3.  **BLAST Analysis:** The unmapped sequences are queried against the local BLAST database (`blastn`) to identify their closest viral match. Here the parameters `--blast-pident`, `--blast-evalue` and `--blast-qcov` can be specified to control the BLAST sensitivity, the default values are `80`, `1e-10` and `80` respectively which are not indicated for metagenomic analysis of unknown viruses.
4.  **Nextclade Analysis:**
    *   **A. Standard Run:** For sequences mapped to a known Nextclade dataset, `nextclade run` is executed using that dataset.
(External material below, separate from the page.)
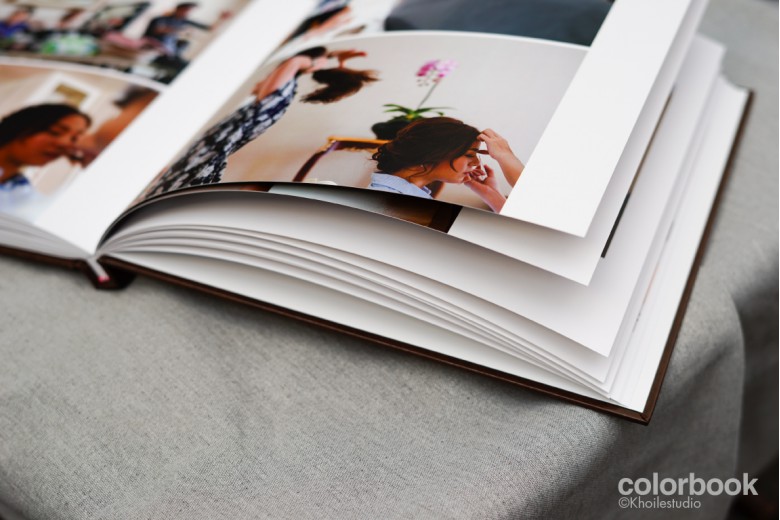 Bộ sưu tập PHOTOBOOK MỞ PHẲNG NGHỆ THUẬT - BÌA DA BÒ ÉP BẠC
    *   **B. Generic Run:** For sequences identified by BLAST (but not in the Nextclade datasets), a "generic" `nextclade run` is performed. This uses the reference sequence and GFF annotation from the BLAST database (created by `get-blast-database`).
    *   **CDS Reordering:** For all nextclade results, the `reorder_cds.py` script is executed to reorder the CDS information in the `cdsCoverage` column. The alphabetic order from nextclade results is replaced by the order in which each CDS appears in the genome (based on start position in the GFF file). 
5.  **Post-Processing:** The results from all `nextclade run` executions (standard and generic) and the BLAST results for any remaining unmapped sequences are combined into a single output file (`results.tsv`).
6.  **Target Region Extraction:** Finally, specific genomic regions of interest (if defined) are extracted from the sequences based on quality criteria.